Active and reactive power vector control using neural-synergetic-super twisting controllers of induction generators for variable-speed contra-rotating wind turbine systems

Reactive and active power vector control of induction generators (IG) are essential requirements for generating high-quality electricity from wind power. These control objectives are challenging and difficult to achieve when using traditional strategies based on estimating reactive/active power, hysteresis comparators, and proportional-integral (PI) regulators due to load variations, changes in the value of rotor resistance, etc. So, to achieve these control objectives, this paper proposes a novel technique for the rotor side converter of IG-based contra-rotating wind power (CRWP) systems.

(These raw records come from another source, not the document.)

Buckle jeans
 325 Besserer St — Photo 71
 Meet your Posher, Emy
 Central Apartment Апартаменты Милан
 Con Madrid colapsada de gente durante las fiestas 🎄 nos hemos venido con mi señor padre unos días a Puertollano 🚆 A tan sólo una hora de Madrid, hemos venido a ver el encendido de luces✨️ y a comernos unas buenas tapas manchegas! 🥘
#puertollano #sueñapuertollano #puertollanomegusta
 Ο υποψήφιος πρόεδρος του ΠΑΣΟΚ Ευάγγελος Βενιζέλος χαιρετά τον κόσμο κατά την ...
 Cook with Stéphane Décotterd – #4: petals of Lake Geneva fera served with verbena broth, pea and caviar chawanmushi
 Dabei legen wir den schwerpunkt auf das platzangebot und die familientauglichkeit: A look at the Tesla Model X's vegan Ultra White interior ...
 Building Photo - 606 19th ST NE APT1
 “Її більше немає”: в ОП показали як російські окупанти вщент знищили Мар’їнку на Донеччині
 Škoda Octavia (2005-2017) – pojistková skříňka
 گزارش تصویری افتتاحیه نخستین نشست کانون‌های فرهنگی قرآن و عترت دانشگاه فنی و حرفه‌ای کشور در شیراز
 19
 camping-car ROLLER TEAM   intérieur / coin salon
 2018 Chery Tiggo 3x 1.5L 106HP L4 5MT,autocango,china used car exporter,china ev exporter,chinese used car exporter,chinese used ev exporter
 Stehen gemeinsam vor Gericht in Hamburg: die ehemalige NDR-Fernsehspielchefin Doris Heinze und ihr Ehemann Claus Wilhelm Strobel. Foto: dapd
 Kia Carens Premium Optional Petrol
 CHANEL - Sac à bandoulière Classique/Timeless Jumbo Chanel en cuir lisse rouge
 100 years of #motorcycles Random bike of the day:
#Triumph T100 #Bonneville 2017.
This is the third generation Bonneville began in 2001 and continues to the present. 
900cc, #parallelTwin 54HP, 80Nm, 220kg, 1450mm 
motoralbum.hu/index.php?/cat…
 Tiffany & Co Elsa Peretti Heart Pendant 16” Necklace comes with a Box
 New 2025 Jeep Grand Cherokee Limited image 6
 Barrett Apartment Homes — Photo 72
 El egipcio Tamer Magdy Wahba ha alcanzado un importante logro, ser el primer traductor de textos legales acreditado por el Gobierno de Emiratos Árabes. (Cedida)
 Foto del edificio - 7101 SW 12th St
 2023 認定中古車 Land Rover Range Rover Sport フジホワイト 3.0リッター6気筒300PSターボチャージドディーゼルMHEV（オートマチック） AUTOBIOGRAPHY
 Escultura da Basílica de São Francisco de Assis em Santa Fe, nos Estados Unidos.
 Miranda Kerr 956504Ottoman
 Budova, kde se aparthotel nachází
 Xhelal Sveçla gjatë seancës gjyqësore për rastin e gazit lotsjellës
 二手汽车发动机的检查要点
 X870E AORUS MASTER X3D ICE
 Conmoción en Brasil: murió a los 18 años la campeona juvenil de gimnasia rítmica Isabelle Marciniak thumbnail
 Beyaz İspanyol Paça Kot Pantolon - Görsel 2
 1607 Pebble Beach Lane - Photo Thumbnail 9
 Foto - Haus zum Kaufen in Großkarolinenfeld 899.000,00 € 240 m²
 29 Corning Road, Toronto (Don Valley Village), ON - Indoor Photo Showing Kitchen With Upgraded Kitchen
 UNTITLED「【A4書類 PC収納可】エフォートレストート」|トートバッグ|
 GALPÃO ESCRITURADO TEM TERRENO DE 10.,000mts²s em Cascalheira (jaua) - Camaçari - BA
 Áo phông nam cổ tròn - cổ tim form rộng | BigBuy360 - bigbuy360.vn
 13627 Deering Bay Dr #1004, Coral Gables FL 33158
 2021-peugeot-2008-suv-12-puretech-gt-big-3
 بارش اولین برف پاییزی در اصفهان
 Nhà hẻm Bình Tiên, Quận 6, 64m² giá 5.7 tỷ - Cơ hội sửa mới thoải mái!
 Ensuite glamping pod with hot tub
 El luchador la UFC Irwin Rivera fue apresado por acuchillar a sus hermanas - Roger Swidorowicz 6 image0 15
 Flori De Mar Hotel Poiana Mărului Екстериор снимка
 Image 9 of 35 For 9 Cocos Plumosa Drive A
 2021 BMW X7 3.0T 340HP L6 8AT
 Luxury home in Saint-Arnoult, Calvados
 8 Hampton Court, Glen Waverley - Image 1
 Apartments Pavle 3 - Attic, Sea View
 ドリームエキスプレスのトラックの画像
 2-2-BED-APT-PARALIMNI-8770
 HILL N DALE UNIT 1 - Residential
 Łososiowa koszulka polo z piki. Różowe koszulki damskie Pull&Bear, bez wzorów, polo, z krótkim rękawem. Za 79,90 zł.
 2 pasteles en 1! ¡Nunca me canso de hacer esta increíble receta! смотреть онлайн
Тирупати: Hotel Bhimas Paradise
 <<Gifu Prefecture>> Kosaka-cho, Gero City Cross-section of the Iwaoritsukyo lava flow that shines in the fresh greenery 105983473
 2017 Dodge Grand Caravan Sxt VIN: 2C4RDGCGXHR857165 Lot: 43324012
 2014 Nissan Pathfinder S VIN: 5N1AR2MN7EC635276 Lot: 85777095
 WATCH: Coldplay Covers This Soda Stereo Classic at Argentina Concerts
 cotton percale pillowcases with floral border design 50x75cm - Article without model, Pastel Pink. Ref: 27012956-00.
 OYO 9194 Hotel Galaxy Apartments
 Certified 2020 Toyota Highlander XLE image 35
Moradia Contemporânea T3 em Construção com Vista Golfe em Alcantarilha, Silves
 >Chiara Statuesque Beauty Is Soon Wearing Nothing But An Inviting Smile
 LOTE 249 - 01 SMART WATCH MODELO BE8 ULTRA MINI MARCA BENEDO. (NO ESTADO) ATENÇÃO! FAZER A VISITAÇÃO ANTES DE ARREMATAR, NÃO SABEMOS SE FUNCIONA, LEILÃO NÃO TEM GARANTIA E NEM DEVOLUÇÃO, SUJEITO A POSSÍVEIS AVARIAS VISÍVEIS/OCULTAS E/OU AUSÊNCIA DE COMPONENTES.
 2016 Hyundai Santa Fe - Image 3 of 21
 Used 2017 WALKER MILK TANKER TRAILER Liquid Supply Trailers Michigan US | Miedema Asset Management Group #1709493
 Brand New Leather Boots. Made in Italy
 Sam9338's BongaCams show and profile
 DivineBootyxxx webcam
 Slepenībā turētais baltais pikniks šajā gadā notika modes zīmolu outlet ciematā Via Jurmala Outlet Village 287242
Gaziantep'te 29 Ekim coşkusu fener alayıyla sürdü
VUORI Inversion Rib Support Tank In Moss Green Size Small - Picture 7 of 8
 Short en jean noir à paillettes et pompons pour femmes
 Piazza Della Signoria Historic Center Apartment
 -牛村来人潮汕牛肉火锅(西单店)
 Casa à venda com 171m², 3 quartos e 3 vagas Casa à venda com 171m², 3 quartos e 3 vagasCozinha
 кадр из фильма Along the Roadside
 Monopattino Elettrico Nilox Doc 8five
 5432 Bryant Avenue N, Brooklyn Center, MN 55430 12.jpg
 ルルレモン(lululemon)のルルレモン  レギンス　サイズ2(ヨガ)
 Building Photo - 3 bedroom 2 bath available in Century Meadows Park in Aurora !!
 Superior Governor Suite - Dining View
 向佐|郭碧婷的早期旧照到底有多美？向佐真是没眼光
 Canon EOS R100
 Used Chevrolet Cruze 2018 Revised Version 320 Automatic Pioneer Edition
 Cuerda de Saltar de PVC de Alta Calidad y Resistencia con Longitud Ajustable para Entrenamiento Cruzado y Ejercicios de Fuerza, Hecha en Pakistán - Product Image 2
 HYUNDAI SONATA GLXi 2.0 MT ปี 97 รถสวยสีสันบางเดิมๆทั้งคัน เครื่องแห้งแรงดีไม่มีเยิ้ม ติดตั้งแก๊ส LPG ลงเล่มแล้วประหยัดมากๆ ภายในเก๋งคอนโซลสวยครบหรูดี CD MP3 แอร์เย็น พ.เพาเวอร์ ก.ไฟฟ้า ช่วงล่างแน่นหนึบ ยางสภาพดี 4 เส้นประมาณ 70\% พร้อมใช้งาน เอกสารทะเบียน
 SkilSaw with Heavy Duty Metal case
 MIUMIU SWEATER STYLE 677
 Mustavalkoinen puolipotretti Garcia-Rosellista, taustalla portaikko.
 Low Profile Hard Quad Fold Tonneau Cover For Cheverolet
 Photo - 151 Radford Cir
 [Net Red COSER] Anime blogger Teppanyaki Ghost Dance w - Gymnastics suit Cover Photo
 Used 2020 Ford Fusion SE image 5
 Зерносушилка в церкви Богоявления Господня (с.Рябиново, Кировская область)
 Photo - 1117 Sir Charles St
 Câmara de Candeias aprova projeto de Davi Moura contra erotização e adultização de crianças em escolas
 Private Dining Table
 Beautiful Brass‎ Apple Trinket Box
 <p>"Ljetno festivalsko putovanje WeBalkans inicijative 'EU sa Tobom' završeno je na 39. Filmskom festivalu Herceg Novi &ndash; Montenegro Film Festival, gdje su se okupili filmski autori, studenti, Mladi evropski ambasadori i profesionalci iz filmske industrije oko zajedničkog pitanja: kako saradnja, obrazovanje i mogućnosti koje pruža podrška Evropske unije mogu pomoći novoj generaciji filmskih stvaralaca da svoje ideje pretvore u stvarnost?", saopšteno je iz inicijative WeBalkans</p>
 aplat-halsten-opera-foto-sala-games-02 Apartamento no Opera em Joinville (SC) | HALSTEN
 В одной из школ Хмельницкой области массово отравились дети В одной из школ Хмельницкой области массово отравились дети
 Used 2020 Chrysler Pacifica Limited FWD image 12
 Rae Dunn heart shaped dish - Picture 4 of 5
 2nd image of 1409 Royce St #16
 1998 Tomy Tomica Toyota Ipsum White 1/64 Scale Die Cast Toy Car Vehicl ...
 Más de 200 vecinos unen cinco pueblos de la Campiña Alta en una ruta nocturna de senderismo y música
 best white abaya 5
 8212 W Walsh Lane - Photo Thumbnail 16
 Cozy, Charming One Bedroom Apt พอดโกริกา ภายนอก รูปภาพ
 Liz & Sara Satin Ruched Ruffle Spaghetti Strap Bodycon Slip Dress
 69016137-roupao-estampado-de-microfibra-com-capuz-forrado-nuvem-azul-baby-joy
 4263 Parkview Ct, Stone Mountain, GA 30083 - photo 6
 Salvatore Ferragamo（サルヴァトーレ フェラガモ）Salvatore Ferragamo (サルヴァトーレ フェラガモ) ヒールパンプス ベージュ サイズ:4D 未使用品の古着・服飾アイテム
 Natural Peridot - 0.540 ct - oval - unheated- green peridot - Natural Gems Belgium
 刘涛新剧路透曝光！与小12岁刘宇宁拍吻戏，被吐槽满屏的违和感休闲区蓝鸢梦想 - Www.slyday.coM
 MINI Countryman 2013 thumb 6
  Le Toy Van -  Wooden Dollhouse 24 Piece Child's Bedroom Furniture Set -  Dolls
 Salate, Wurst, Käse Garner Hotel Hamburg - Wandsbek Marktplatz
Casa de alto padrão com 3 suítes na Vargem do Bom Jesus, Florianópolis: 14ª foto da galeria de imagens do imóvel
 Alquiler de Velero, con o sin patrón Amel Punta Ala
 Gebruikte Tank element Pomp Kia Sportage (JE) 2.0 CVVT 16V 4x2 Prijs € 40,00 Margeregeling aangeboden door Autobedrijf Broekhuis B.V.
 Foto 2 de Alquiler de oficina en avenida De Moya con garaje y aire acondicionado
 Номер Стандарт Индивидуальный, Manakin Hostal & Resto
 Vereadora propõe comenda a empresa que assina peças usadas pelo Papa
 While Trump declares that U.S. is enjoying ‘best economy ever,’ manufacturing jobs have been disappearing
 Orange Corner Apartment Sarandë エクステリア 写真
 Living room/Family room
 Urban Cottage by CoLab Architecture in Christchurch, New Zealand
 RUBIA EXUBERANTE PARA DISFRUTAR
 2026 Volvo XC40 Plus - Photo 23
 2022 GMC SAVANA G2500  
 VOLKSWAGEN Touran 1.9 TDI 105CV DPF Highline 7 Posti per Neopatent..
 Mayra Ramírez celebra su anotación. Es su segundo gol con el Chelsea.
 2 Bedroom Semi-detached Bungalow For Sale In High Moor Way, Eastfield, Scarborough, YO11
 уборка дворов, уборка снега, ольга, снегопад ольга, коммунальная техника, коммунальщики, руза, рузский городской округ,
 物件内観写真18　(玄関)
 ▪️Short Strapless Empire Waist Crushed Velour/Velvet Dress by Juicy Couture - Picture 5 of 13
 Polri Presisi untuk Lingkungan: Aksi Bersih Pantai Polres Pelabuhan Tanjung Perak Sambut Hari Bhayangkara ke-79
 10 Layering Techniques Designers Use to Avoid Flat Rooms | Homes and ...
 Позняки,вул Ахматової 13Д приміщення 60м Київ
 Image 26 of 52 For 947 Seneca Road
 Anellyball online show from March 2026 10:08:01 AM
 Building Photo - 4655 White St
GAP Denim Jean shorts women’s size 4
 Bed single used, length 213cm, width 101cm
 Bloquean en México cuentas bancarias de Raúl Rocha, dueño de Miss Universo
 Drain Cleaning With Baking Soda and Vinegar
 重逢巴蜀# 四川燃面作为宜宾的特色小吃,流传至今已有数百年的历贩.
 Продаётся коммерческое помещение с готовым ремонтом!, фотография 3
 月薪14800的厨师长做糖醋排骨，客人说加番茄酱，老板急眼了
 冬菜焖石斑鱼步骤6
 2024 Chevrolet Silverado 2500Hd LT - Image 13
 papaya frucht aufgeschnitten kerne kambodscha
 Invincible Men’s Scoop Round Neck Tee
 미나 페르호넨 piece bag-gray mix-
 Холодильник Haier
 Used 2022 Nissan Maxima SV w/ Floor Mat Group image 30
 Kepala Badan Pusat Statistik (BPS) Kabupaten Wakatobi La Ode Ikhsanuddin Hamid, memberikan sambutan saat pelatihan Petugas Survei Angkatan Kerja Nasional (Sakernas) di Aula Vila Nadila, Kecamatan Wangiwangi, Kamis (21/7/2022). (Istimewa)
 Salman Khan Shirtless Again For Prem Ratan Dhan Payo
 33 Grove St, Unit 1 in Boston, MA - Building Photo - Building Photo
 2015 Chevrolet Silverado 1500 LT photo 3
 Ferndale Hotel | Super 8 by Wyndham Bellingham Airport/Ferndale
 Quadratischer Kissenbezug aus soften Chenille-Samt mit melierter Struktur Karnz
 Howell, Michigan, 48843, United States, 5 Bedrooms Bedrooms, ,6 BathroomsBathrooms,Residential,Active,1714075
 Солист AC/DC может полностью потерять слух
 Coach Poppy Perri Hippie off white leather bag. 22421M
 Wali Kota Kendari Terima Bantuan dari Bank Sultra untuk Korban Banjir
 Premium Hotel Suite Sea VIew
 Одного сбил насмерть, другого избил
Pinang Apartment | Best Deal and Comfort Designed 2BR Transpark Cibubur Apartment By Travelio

The control based on the neural synergetic-super-twisting controller (NSSTC) is designed to minimize IG power ripples and improve the quality of current. The characteristics of the NSSTC-based strategy are presented, evaluated, and compared to the traditional direct field-oriented command (DFOC) based on traditional PI controllers and other reference techniques from the literature, highlighting that the NSSTC-based strategy is simpler to apply and more robust and performant than others classical nonlinear strategies. Comparative simulations are carried out on both the designed DFOC-NSSTC strategy and the DFOC technique to demonstrate the performance (good quality output power, low total harmonic distortion (THD) value of rotor currents, short response time and high robustness) and advantages of the suggested nonlinear technique.